I've been on the road or camping for 16 days now and it is beginning to show on me. Last evening when we pulled into the All Seasons RV Park in Goddard KS, I was down to my last pair of shorts and I was wearing them. My wild white hair hadn't been washed since Port Aransas and the inside of the camper is beginning to resemble the inside of a hermit's shack. My guess is that the first impression people must get when they see us coming is that maybe they want to avoid contact because something just isn't quite right. But there are a group of carny workers camped here also, so I fit right in. As Josh says, "the smell of cotton candy and fear."

It was very cool traveling yesterday -- as in cold! The temps were in the high 40s when we arrived in the Wichita area and, with the wind, it felt like 41. After I got the camper unhitched and set up, we huddled inside with the heater going and I nearly wept when the dogs would indicate they needed to go outside in the cold and wind.

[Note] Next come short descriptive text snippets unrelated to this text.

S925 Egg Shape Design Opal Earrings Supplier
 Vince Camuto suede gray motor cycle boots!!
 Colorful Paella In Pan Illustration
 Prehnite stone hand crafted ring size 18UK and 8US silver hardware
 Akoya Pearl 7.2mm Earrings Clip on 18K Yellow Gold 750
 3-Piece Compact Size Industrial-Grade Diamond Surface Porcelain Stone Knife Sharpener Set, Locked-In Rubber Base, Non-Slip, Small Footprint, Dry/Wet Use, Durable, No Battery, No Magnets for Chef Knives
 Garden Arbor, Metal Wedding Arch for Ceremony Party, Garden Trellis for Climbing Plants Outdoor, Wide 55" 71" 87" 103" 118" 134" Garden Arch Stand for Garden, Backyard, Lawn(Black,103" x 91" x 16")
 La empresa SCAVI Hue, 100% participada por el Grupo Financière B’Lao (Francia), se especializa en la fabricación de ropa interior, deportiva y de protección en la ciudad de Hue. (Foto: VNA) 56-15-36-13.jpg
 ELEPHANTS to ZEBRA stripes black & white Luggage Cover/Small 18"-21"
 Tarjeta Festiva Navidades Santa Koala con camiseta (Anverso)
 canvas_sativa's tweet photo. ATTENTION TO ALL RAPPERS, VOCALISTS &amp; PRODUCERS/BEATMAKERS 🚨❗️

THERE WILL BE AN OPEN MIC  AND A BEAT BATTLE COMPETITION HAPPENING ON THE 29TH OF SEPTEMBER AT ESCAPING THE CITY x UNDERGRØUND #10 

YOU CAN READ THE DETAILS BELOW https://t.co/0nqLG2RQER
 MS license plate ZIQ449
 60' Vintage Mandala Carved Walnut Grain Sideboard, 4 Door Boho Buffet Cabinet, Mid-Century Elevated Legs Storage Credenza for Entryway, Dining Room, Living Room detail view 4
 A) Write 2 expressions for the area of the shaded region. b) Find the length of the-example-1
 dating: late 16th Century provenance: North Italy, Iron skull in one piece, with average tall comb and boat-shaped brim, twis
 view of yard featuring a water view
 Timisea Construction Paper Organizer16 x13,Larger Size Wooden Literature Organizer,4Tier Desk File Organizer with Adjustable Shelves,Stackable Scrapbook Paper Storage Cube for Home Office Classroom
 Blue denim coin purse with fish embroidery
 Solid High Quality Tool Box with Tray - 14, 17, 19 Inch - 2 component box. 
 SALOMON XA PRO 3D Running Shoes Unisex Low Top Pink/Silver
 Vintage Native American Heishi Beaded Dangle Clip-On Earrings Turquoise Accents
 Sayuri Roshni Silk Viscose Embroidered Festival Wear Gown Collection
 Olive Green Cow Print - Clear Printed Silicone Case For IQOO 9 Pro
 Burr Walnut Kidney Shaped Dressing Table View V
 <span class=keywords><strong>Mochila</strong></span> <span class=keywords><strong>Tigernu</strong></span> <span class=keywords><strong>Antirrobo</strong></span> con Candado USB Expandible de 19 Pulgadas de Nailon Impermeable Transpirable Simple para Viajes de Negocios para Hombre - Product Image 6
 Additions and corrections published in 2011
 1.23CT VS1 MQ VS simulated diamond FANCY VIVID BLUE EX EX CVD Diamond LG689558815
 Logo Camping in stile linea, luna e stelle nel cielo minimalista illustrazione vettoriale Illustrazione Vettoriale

And talk about tight quarters! These camper spaces are the closest I've ever seen. I share the hookups on one side in the six foot space that separates me from the neighbor and the two picnic tables in the six feet that separate me from the neighbor on the other side. I was afraid I might even be heard talking in my sleep last night!

It's gray and cool again today, but we're staying one more night here. There is a promise of some sunshine later today and I want to do some exploring in Andale and St. Joe (just north of here about 3 miles). Andale was where my grandmother and her twin, my great Aunt Mathilde, were born over a hundred years ago. We lost my grandmother in 2007, and Mathilde passed away only a few months ago, so it is a pilgrimage of sorts to honor my ancestors.

On the day I left on this trip, I found a note from my son attached to a Ford ball cap as a going away gift (it will be the one memento I keep from the Bronco). The note read, in part, "Have a great time and find out something new about you or the world around you." I have followed his instructions. Every day that has passed has brought new things to see, from birds I've never seen outside of an Audubon book, to new insights and understandings about my environment, to a new awareness of who I am in this early autumn of my life. These things happen without leaving home, but travel accelerates the process and the solitude of this trip has increased my sensitivities.

So, now I will be turning west and heading for home. By the time I arrive I will have driven close to 3000 miles in the days I have been gone. At 9.5 miles to the gallon (pulling the camper) and an average cost of $3.89 a gallon, it has not been an inexpensive way to travel, except for the lodging and food costs. I'll have hitched and unhitched a total of 18 times, at least 15 of those times totally unassisted (I take some pride in that as a woman of a certain age). I had only one minor accident, if you could call it that. I clipped one corner of the camper with a tree branch in San Antonio, and it left a boo boo that will have to be looked at when I get home. Oh, and there is the 5" bruise on my right knee from where I walked into the hitch in the middle of the night. But, as Josh says, it hasn't really been fun unless somebody ends up bleeding.